### [Work to be completed]
Exact copy, pictures omitted: the line holding "Kit reparatie carburator" and every line after it down to the end of the entries.

### [Data listing]
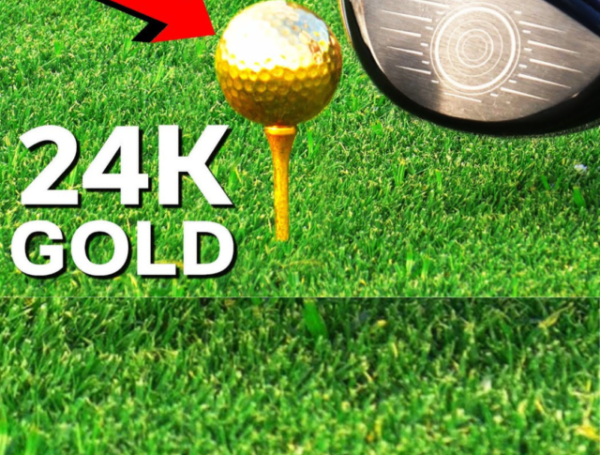 The 10 Most Expensive Golf Balls in the World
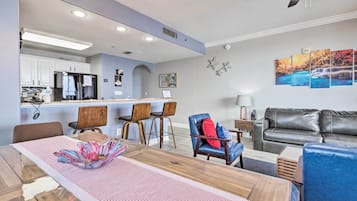 Appartement (2 Bedrooms) | Interieur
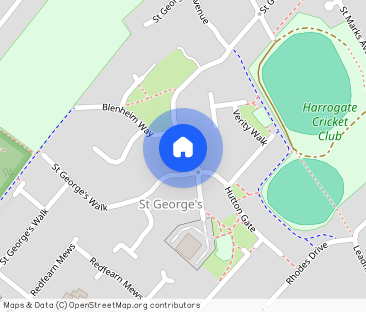 St. Georges Road, Harrogate, HG2 - Photo 1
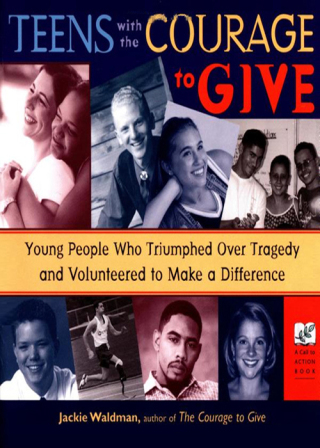 Cover image: Teens with the Courage to Give 9781573245043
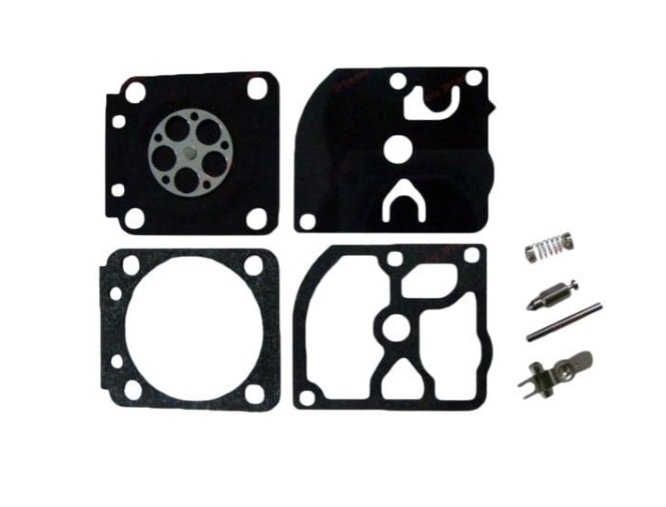 Kit reparatie carburator drujba compatibil Stihl MS 170 - MS 180, 017-018, FS400, FS450, FS480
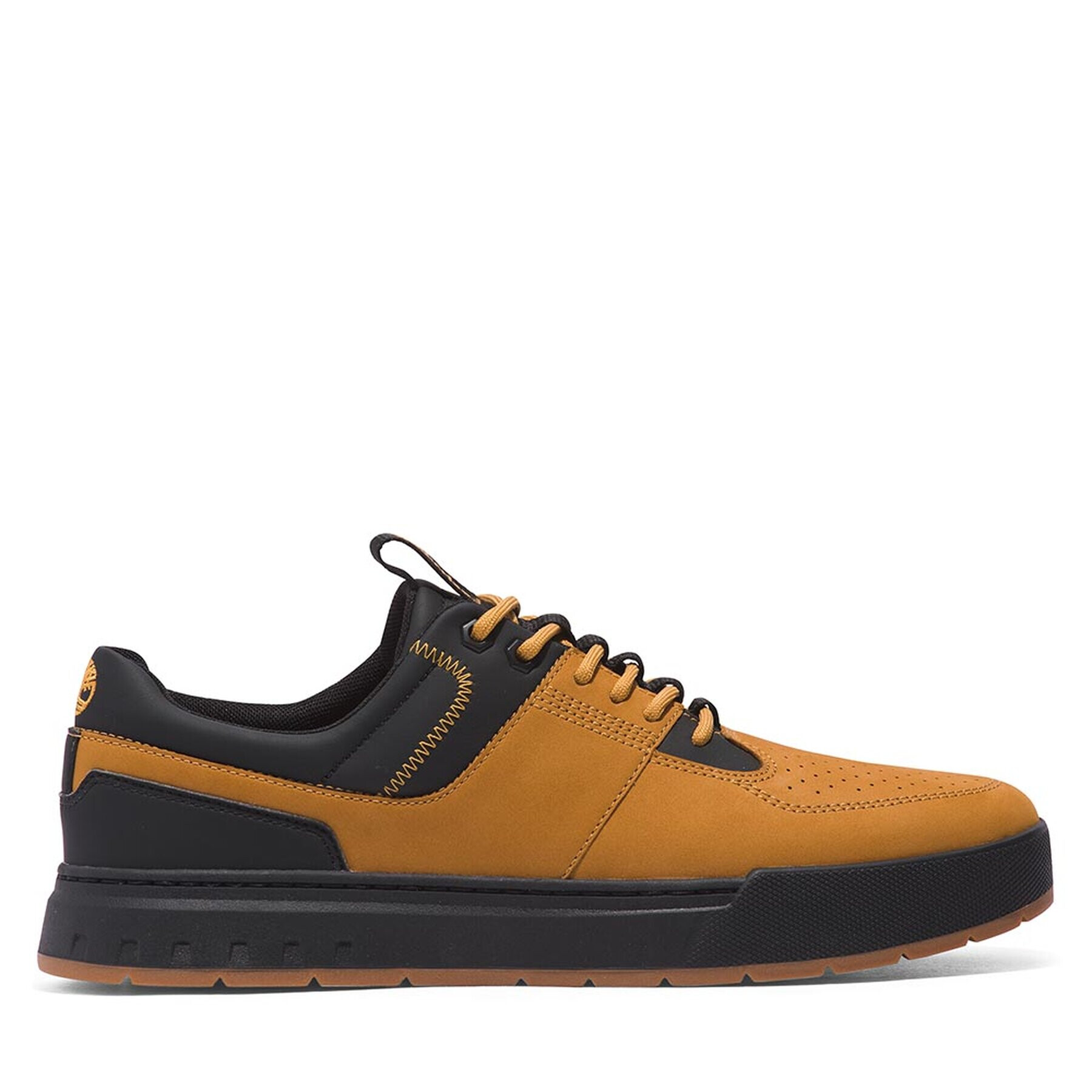 Timberland Superge Maple Grove Sport Low TB0A2E7D2311 Rjava - Pepit.si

### [Reply to the task]
 Kit reparatie carburator drujba compatibil Stihl MS 170 - MS 180, 017-018, FS400, FS450, FS480
 Timberland Superge Maple Grove Sport Low TB0A2E7D2311 Rjava - Pepit.si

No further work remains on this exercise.